Ol John Cougar is as good at picking our bee-you-tee-ful gifts as he is at turning into any animal at whim, or fightin’ authority what even if the authority gonna be the one that wins, or raisin’ money to aid farms in a small town (I am from a small town.) You all don’t need to worry about getting’ nuthin’ no how what for that ain’t on ol’ John Cougar’s holl-e-day list.
[Ol’ John Cougar would like you to know that he has been given big bags of silver what for agreeing to menshun a few of these items by their makers and whatnot. We shapeshifters don’t what consider this a problem, as we are ageless beings that do what we want. Me, Oprah, we don’t care none to make a fuss.]
Cougar: The Cologne
Ol’ John Cougar personally helped develop this dang ol’ stink-sauce mating juice. It’s a mix-churr of farm waste, unfiltered cigarettes, fresh pork cracklings, the elbow grease of a workin’ man, and the fleetingness of time.
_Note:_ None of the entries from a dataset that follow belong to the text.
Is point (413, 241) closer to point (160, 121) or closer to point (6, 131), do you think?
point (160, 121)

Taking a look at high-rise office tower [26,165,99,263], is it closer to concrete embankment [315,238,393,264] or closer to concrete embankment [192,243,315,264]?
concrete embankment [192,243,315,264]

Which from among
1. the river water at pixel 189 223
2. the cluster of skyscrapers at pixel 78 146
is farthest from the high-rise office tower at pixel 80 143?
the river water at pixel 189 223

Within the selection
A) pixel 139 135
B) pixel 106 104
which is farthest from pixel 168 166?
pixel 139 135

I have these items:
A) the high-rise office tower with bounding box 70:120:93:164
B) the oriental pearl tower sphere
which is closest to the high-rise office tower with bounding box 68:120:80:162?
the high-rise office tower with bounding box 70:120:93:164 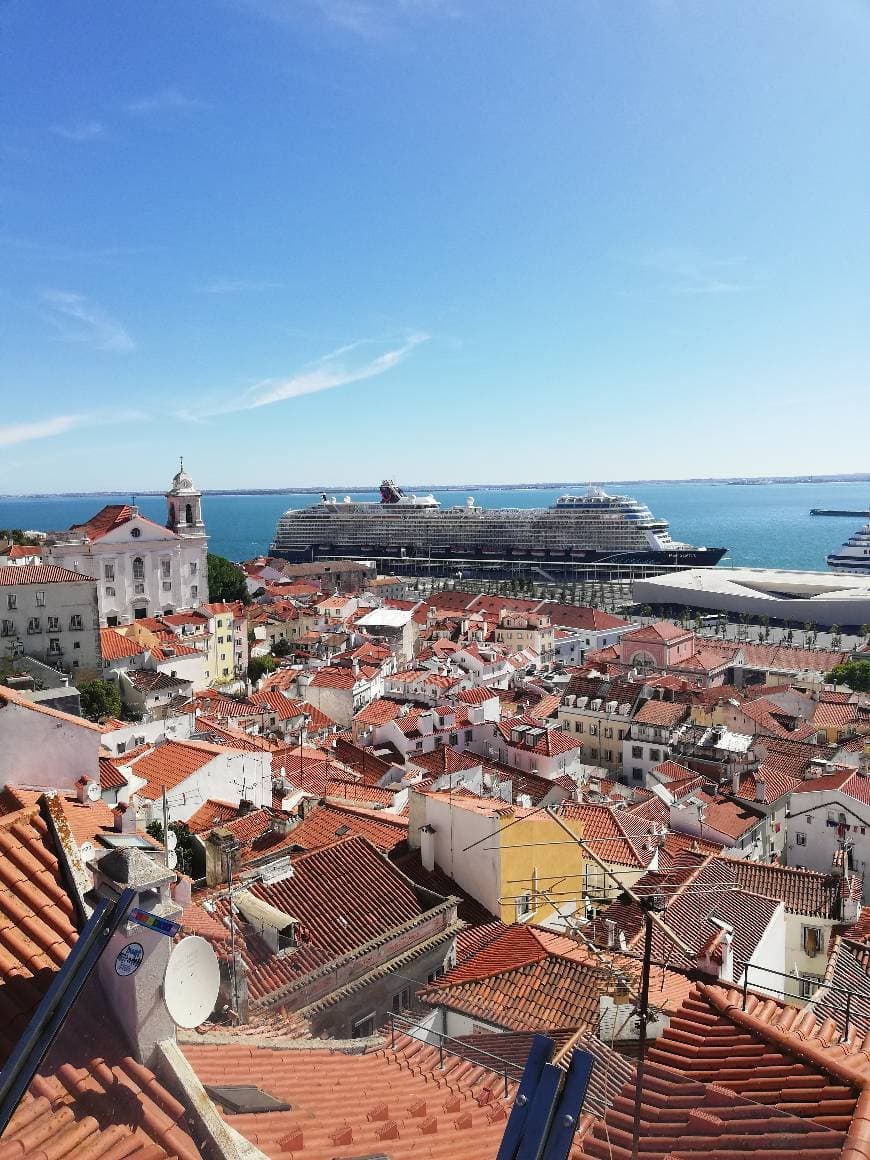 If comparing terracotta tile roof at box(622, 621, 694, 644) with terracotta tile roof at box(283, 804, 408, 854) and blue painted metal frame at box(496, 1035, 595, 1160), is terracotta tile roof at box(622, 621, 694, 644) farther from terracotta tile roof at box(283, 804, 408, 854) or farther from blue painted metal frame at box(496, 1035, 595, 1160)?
blue painted metal frame at box(496, 1035, 595, 1160)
It’s the closest you can get to smellin’ like like ol’ John Cougar without incurring the wrath of Yr!
Ol’ John Cougar’s Homestyle Dippin’ Chaw
I saw what Larry the Cable Guy done what did, and he ain’t gonna be the only small town boy (I am from a small town) with his own line on con-sumer goods. And this one is that: it’s good. Ol’ John Cougar’s Homestyle Dippin’ Chaw comes in more than 55 varieties, including Mayonnaise, Grandma’s Breath, Shutdown Factory Dust, Coors Light, My Cousin Kyle, Grape, and Infinity.
ROCK in the USA Rock
Remember one of thems dancin’ flowers, which if’n you played music real close to it, it would dance all around, all whirly-wheely-dealy? This is like one of them, but it plays “ROCK in the USA” isself, and then dances around to it real nice.
Dee-Luxe Werewolf Goo
Y’all chafe when you convert back from a werewolf into a human-like man from a small town like ol’ John Cougar does? Boy howdy, does it chafe. All that hair, and then all that hair just up and shrinks back into the follicles makes for some real itchies down yonder in my John Cougar Tight-Jeans-Pants. Y’alls got a shapeshifting werewolf to buy a present for, get them a gallon of Ol’ John Cougar’s Dee-Luxe Werewolf Goo.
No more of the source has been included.